12. Their Lordships have thought it desirable to refer to the provisions of the Madras Act in this detail in order to emphasise its essential character. Its real nature, its 'pith and substance,' is that it imposes a tax on the sale of goods. No other succinct description could be given of it except that it is a 'tax on the sale of goods.' It is in fact a tax which according to the ordinary canons of interpretation appears to fall precisely within Entry1 No. 48 of the Provincial Legislative List.
13. It is necessary then to consider the contention, which in the Boddu Paidanna case  46 C.W.N. 38 found favour with the High Court of Madras, that the Madras Act so far as it imposes a tax on first sales of goods manufactured or produced in India is ultra vires the Provincial Legislature. This contention is thus clearly stated in the appellant's formal reasons on the present appeal : (1) a tax on the manufacturer or producer of goods on the first sale thereof is a duty of excise, (2) under the provisions of the Constitution Act the appellant has, and the respondent has not, power to impose a duty of excise, (3) the provisions of Entry No. 48 in the Provincial Legislative List must be construed subject to the provisions of Entry No, 45 in the Federal Legislative List.
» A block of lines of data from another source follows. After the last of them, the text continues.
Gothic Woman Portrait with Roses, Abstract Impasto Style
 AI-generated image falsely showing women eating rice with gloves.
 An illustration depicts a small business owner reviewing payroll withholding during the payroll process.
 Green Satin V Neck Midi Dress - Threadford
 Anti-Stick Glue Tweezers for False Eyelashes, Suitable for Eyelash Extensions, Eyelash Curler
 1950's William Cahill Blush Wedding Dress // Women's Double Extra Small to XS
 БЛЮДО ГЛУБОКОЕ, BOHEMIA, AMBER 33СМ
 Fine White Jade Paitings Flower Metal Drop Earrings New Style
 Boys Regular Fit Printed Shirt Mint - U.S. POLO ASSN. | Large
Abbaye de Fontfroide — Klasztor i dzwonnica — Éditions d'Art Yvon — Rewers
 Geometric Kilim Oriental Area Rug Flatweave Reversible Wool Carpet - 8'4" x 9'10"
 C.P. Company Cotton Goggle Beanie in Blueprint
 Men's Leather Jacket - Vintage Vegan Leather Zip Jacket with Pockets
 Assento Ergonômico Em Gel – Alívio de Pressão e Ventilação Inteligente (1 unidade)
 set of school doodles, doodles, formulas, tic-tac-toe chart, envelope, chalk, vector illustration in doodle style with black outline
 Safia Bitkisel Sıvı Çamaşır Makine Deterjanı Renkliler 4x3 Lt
14. The third reason thus stated rests on the opening words of Section 100 (1) of the Constitution Act 'Notwithstanding anything in the two next succeeding sub-sections' and the opening words of Section 100(3) 'subject to the two preceding sub-sections.' Their Lordships do not doubt that the effect of these words is that, if the legislative powers of the Federal and Provincial Legislatures, which are enumerated in List I and List II of the Seventh Schedule, cannot [fairly be reconciled, the latter must give way to the former. But it appears to them that it is right first to consider whether a fair reconciliation cannot be effected by giving to the language of the Federal Legislative List a meaning which, if less wide than it might in another context bear, is yet one that can properly be given to it, and equally giving to the language of the Provincial Legislative List a meaning which it can properly bear. In this connection it must in the first place be observed that the contention of the appellant involves doing violence to the language of Entry No. 48 of the Provincial Legislative List. For if his contention is upheld, the plain words 'Taxes on the sale of goods' must be read as if the words 'other than the first sale of goods manufactured or produced in India' were added by way of qualification. Bearing in mind first that the problem of the division of taxing power in a Federal Constitution was in general no new one and that the framers of the constitution! must in particular have been well aware of the controversies that had arisen in regard to 'excise' and taxes on first or other sales, and, secondly, that the contention of the appellant would remove from the range of Provincial taxation goods which had not been in the past, nor were likely in the future to be, the subject of an excise duty, their Lordships would be reluctant to adopt such a construction if any other was fairly open to them. The validity of the appellant's first reason must therefore be examined in order to see whether the Lists can be reconciled not by doing violence to the language of the Provincial List but by giving some other than the meaning and effect, for which the appellant contends, to the relevant words of the Federal List.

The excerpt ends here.